Visit the AIR-Spec Website

photo of the total solar eclipse that occurred on August 20, 2017

Photo of the total solar eclipse that occurred on August 20, 2017.

Michael S Adler

The Telescope and the Science

The corona is the extremely hot outermost layer of the Sun’s atmosphere, and the source of the violent solar storms that can damage satellites and disrupt electrical systems on Earth. The Sun’s magnetic field is responsible for these storms in some way, but the details are still mysterious, in part because the coronal magnetic field is extremely difficult to study. However, understanding these fields better would aid in predicting and mitigating the effects of these coronal mass ejections (CMEs).

AIR-Spec is a spectrometer designed to map the effects of the magnetic field of the corona by measuring the infrared light emissions of five ions — atoms where one or more electrons have been stripped away — found in the Sun’s corona. These ions are sulfur with ten missing electrons (S XI), iron with eight missing electrons (Fe IX), magnesium with seven electrons absent (Mg VIII), and silicon missing either eight (Si IX) or nine electrons (Si X). AIR-Spec performs these measurements during a total solar eclipse, when the Moon blocks light from the Sun’s surface, leaving only light emitted by the atmosphere to reach Earth.

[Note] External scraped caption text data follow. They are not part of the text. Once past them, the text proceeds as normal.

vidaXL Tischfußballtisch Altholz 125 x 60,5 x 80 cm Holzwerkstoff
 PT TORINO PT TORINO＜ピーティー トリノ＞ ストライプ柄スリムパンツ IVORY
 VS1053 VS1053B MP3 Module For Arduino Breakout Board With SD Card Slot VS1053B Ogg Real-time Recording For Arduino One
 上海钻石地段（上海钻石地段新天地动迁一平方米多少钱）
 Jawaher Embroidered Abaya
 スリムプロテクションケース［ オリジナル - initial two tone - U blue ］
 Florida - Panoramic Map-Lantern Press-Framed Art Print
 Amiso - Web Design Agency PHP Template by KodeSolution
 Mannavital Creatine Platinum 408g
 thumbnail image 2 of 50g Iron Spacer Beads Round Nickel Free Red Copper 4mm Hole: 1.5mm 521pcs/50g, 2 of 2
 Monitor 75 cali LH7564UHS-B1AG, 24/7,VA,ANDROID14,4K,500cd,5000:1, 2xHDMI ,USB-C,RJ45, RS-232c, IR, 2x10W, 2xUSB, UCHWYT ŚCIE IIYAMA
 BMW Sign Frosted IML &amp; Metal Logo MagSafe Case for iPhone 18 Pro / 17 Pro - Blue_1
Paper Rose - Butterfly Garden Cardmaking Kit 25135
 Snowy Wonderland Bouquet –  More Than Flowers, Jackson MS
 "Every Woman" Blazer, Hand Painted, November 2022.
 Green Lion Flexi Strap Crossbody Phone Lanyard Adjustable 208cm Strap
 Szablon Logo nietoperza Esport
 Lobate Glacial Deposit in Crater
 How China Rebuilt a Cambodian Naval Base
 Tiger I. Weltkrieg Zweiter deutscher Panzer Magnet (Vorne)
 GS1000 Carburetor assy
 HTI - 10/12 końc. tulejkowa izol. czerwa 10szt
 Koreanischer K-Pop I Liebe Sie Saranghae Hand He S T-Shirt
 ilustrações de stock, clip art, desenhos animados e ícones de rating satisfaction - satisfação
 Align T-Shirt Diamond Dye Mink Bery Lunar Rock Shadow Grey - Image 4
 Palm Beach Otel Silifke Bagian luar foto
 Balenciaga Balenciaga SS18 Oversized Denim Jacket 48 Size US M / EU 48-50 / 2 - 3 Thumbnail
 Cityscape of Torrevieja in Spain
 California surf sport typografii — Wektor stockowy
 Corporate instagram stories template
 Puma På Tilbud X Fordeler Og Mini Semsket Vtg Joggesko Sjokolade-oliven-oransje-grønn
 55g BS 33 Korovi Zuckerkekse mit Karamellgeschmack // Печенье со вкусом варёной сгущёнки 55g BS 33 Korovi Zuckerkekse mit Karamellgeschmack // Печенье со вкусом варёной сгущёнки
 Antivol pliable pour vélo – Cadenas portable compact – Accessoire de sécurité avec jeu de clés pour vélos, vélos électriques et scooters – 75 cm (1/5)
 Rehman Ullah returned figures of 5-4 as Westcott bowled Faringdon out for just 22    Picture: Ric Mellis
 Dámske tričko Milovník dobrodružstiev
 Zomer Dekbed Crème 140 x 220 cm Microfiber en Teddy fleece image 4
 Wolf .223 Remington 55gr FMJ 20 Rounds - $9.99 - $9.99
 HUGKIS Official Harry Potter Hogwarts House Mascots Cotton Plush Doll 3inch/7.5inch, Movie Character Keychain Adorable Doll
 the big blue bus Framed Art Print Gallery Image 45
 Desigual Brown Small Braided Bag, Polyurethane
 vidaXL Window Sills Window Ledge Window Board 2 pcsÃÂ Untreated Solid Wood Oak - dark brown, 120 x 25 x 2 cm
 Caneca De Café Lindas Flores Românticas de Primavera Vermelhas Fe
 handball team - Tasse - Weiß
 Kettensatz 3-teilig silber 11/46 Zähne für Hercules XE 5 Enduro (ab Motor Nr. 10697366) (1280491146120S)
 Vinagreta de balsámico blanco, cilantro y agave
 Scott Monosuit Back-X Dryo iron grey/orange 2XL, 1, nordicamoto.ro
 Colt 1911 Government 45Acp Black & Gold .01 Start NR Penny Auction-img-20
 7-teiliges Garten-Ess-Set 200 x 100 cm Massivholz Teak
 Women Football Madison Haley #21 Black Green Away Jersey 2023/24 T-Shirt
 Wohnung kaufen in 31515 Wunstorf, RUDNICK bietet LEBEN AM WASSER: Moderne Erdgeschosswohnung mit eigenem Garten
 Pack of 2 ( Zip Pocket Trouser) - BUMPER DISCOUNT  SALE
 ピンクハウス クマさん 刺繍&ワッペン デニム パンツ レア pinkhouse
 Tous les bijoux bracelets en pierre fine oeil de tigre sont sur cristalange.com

AIR-Spec was developed at the CfA, with significant input from students. The instrument’s first observation was during the total eclipse on August 21, 2017 over Kentucky. AIR-Spec flew on a Gulfstream V airplane operated by the National Science Foundation and the National Center for Atmospheric Research, at an altitude of 14 kilometers. During the four minutes of totality, AIR-Spec performed as expected, including a measurement of emissions from an ion that had never been observed previously. Based on lessons learned during this successful experiment, scientists at the CfA are improving AIR-Spec for the July 2, 2019 eclipse, when it will observe the corona during a flight off the coast of Chile.